Secondary node fails to join active cluster in PROD and shows Elapsed Time Since Last Contact as "Contact failed"

book

Article ID: 193494

calendar_today

Updated On:

Products

CA Privileged Access Manager (PAM) CA Privileged Access Manager - Cloakware Password Authority (PA) PAM SAFENET LUNA HSM CA Privileged Access Manager - Server Control (PAMSC)

Issue/Introduction

Under version 3.2.2 or other version under 3.3.1 if trying to join secondary nodes on secondary site and this stays in status RED for Credential Manager asking to re-resync and showing the column "Elapsed Time Since Last Contact" as "Contact failed" for the secondary node. If try: 

  • Re-synch Site Member: same issue
  • Leave Cluster and join the machine again: Same problem

Cause

The issue can be because the version of PAM.

There is a known problem resolved after version 3.1.1

Look inside of Tomcat Log from Secondary Node if have these messages:

Jun 19, 2020 6:26:24 PM com.cloakware.cspm.server.app.SiteReplicationServlet a
SEVERE: ReplicationPoller.poll got failed commandResult from master: 401 : Site Not Authenticated
Jun 19, 2020 6:21:26 PM com.cloakware.cspm.server.replication.ReplicationPoller poll
SEVERE: ReplicationPoller.poll got failed commandResult from master: 401 : Site Not Authenticated
Jun 19, 2020 6:21:36 PM com.cloakware.cspm.server.replication.ReplicationPoller poll
SEVERE: ReplicationPoller.poll got failed commandResult from master: 401 : Site Not Authenticated
Jun 19, 2020 6:21:46 PM com.cloakware.cspm.server.replication.ReplicationPoller poll
SEVERE: ReplicationPoller.poll got failed commandResult from master: 401 : Site Not Authenticated
Jun 19, 2020 6:21:57 PM com.cloakware.cspm.server.replication.ReplicationPoller poll
SEVERE: ReplicationPoller.poll got failed commandResult from master: 401 : Site Not Authenticated
Jun 19, 2020 6:22:07 PM com.cloakware.cspm.server.replication.ReplicationPoller poll
SEVERE: ReplicationPoller.poll got failed commandResult from master: 401 : Site Not Authenticated

At same time check also Tomcat Logs from Primary Site/Primary Node if have similar errors like this:

Jun 19, 2020 6:26:22 PM com.cloakware.cspm.server.replication.ReplicationManager deactivateSitesTooFarBehind
SEVERE: ReplicationManager.deactivateInactiveSites Site secondarysitenodename.domain.com (lastRecordProcessed=0) is more than 20000 behind the primary site (MaxReplRecordId=4738956).  Deactivating site so events can be purged.
Jun 19, 2020 6:26:22 PM com.cloakware.cspm.server.replication.ReplicationManager deactivateSitesTooFarBehind
SEVERE: ReplicationManager.deactivateInactiveSites Site secondarysitenodename.domain.com (lastRecordProcessed=0) is more than 20000 behind the primary site (MaxReplRecordId=4738956).  Deactivating site so events can be purged.
Jun 19, 2020 6:26:24 PM com.cloakware.cspm.server.app.SiteReplicationServlet a

 

Environment

Release : 3.2

Component : PRIVILEGED ACCESS MANAGEMENT

Resolution

To workaround the issue have top Stop cluster and Start again if receiving this behavior and verified that messages in Tomcat Logs from primary and secondary nodes.

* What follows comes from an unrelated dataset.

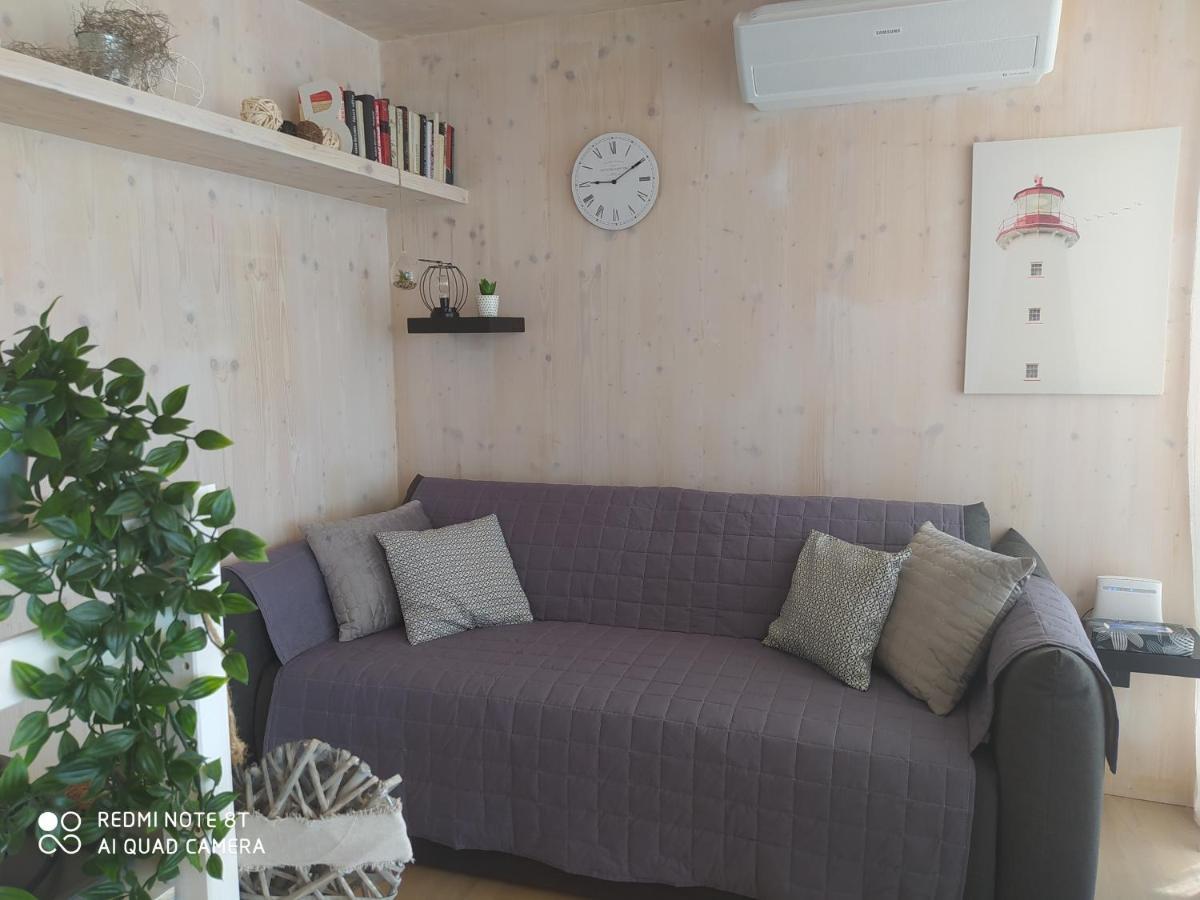 Villa On The Beach باكوشتاني المظهر الخارجي الصورة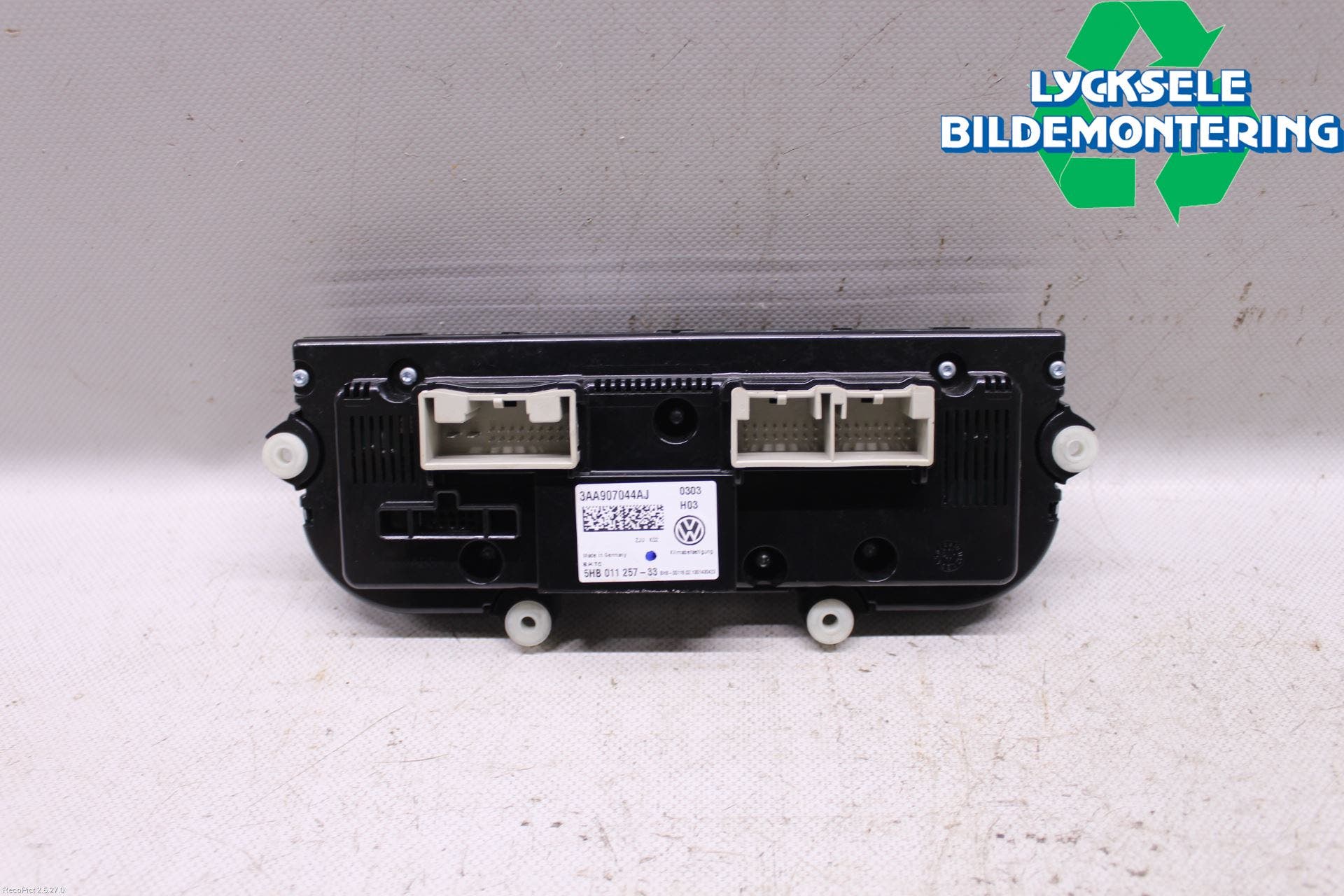 Volkswagen VW PASSAT 15-19 Ac Styrenhet Ac Manöveren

The node will NOT sync without stop/start cluster.

To definitive resolve this issue it's necessary 

Update the PAM to most recent version if your are with PAM 3.2.2

The solution isi published in this intermediate version 3.3.1 and also included in recent versions.

https://techdocs.broadcom.com/content/broadcom/techdocs/us/en/ca-enterprise-software/layer7-privileged-access-management/privileged-access-manager/3-4/release-information/resolve-issues-in-earlier-3-x-releases/resolved-issues-in-3-3_1.html

Salesforce Case Number 20001227
Internal Defect ID DE420853
Resolved Issue Credential Manager database out-of-sync on secondary cluster node and attempts to resync that node fail.